The new guidance revises the SEC’s application of the “ordinary business” exclusion, which considered whether a proposal was of social policy significance or sought to micromanage a company. While the Staff has previously focused on the significance of a social policy issue to a particular issuer, they will now focus on the proposal’s “broad societal impact.”
This is appalling. In effect, the SEC is saying that corporate proxy statements can be conscripted by somebody owning a trivial amount of stock to solve "societal problems" that may have virtually no nexus to the company.
In addition, the SEC is encouraging shareholders to micromanage the company when it comes to woke issues:
For example, a proposal requesting a company set greenhouse gas emission targets, but providing the company with discretion on a method for its implementation, will no longer meet the threshold for exclusion based on micromanagement.
How is deciding corporate environmental policy not micromanagement?
Wachtell concludes:
it is not clear which social issues the Staff will deem broad enough to “transcend the ordinary business,” beyond the Staff’s examples of proposals relating to human capital management with a broad social impact or to greenhouse gas emissions targets without specific methodologies.

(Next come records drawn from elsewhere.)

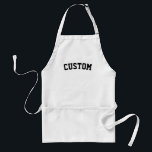Custom University College Letter Gift for her him Standard Apron<br><div class="desc">Personalized Uni kitchen baker baking,  personalised home town state grill,  customized with quote best grilling,  champion customizable white varsity chef,  Christmas present word text birthday,  collegiate city merch vintage style,  baseball apparel daughter son graduation,  graduate scripture from mom dad,  granddaughter grandson aunt uncle niece,  nephew wife husband anniversary bride</div>
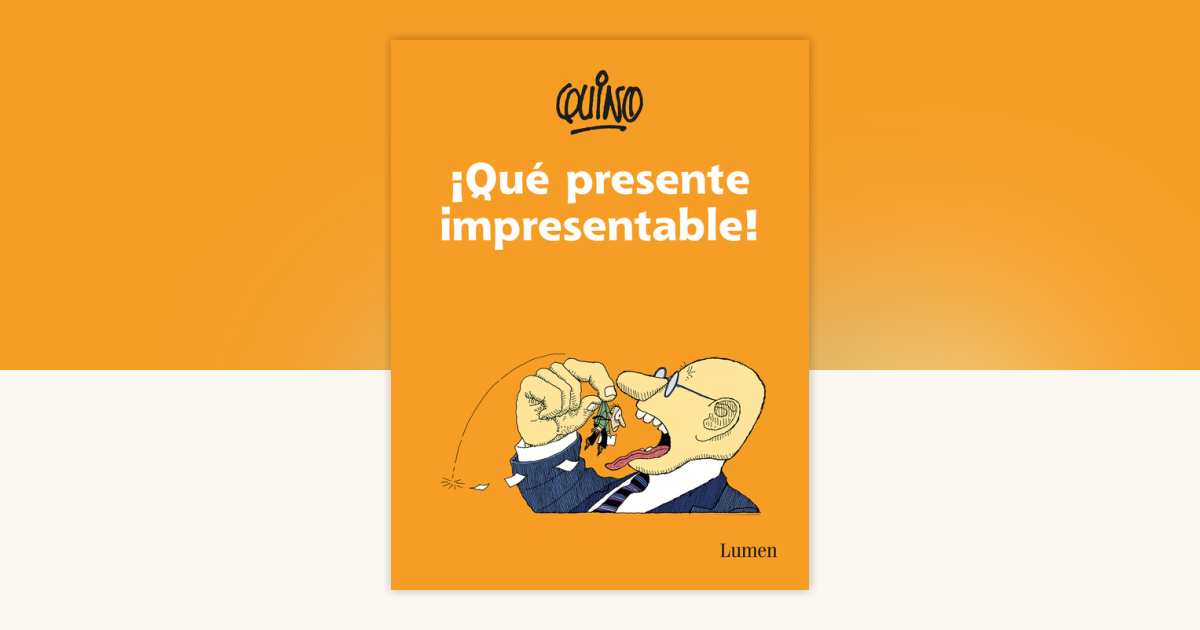 ¡Qué presente impresentable! / What an Unpresentable Present! by Quino ...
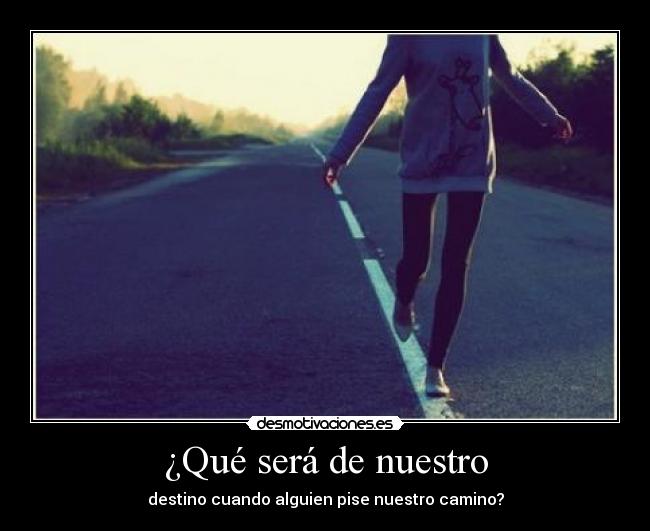 ¿Qué será de nuestro - destino cuando alguien pise nuestro camino?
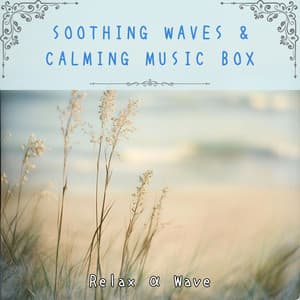 Soothing Waves & Calming Music Box - Relax α Wave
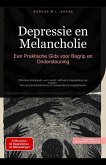 Depressie en Melancholie: Een Praktische Gids voor Begrip en Ondersteuning (Depressie (NL), #1) (eBook, ePUB) Depressie en Melancholie: Een Praktische Gids voor Begrip en Ondersteuning (Depressie (NL), #1) (eBook, ePUB)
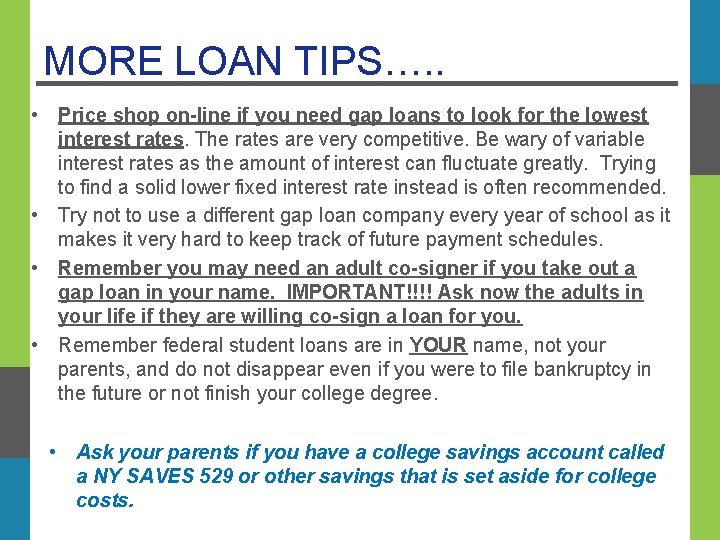 MORE LOAN TIPS…. . • Price shop on-line if you need gap loans to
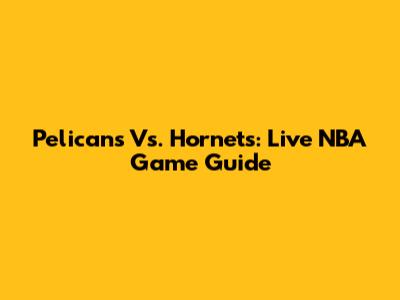 Pelicans Vs. Hornets: Live NBA Game Guide
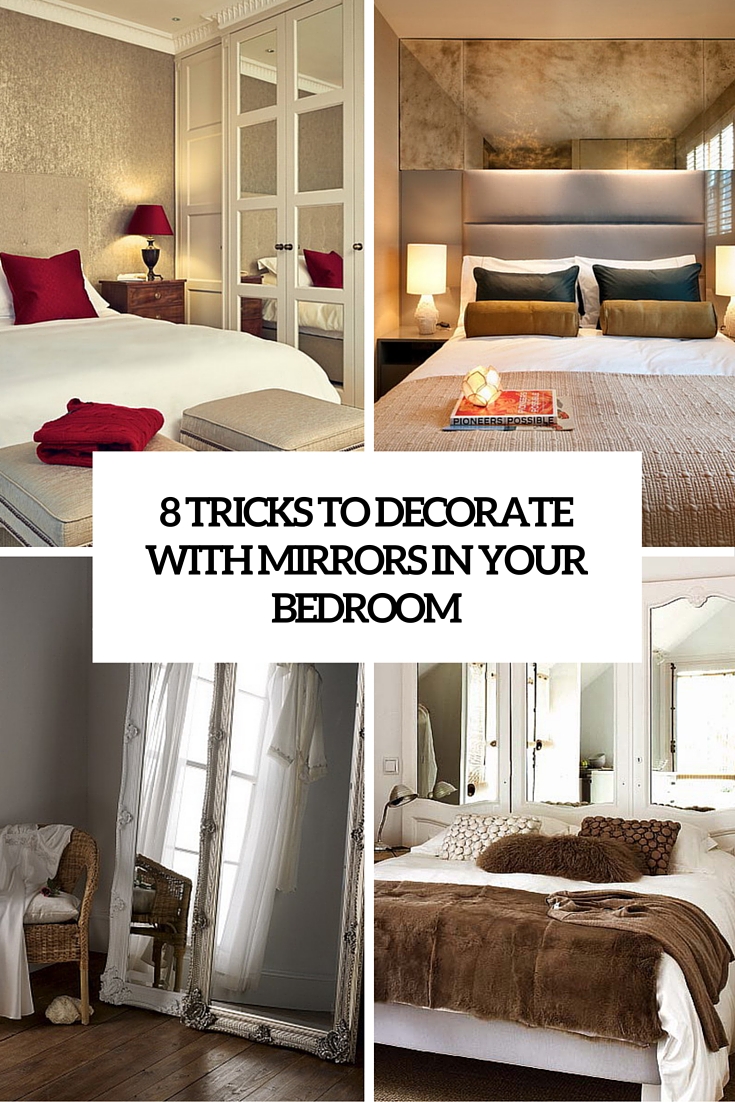 How To Decorate Your Bedroom With Mirrors 8 Tricks And 31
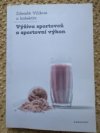 Výživa sportovců a sportovní výkon 
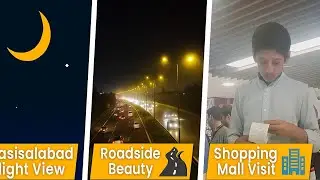 . Faisalabad Night View 🌙 | Roadside Beauty 🛣️ | Shopping Mall Visit 🏬 | @AyeshaWithHamadDrive1212
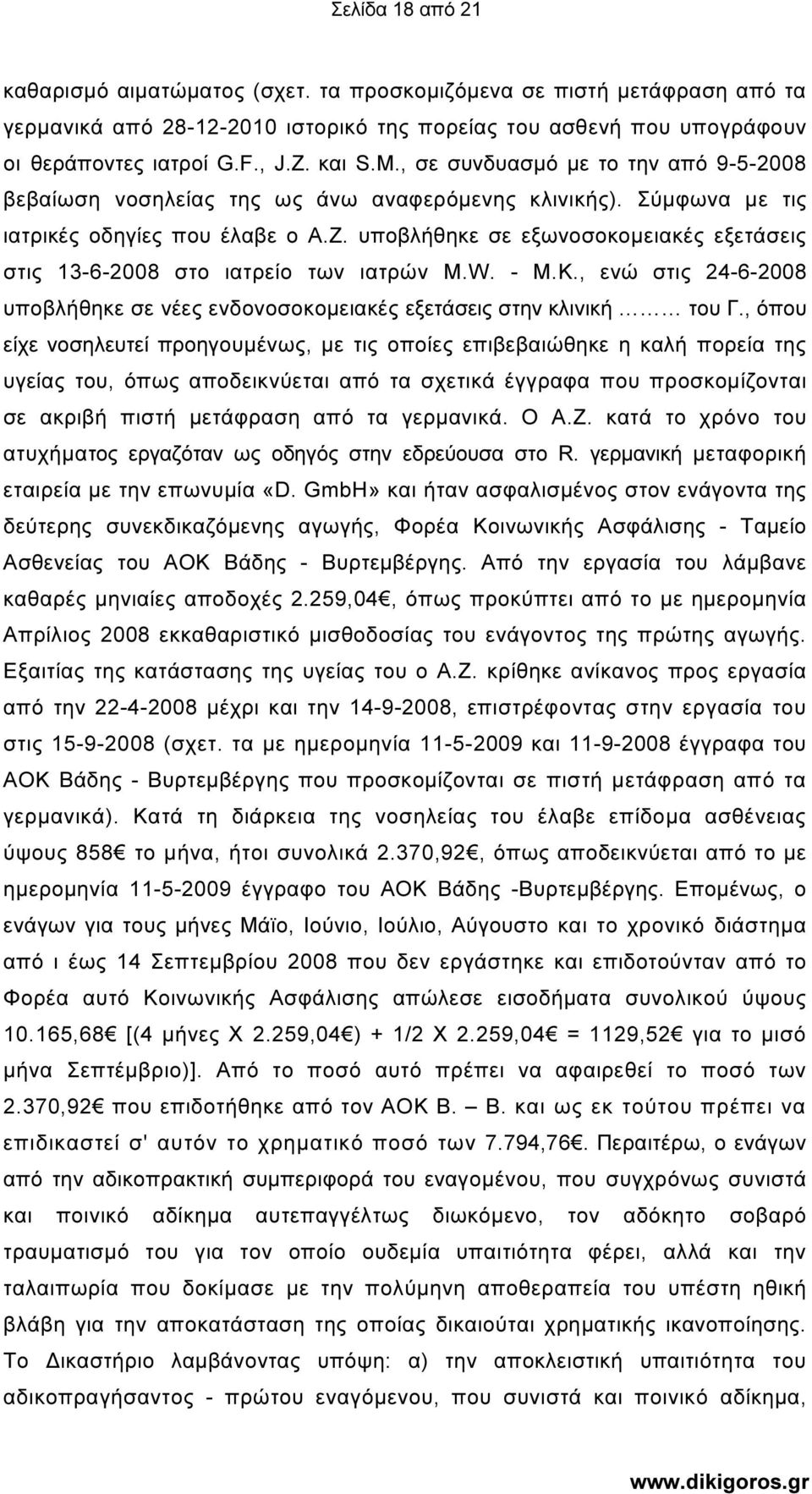 υποβλήθηκε σε εξωνοσοκοµειακές εξετάσεις στις 13-6-2008 στο ιατρείο των ιατρών Μ.W. - M.K., ενώ στις 24-6-2008 υποβλήθηκε σε νέες ενδονοσοκοµειακές εξετάσεις στην κλινική του Γ.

Piffle. It is perfectly obvious that the SEC has become a tool of the Warren/Sanders/AOC wing of the Democratic Party and is now leading the charge towards woke capitalism. I feel confident in predicting that woke shareholder proposals will breeze through the process. In the unlikely event that conservatives emulated progressives and started using the shareholder proposals to effect their policy goals, however, I'd bet the SEC allows their exclusion.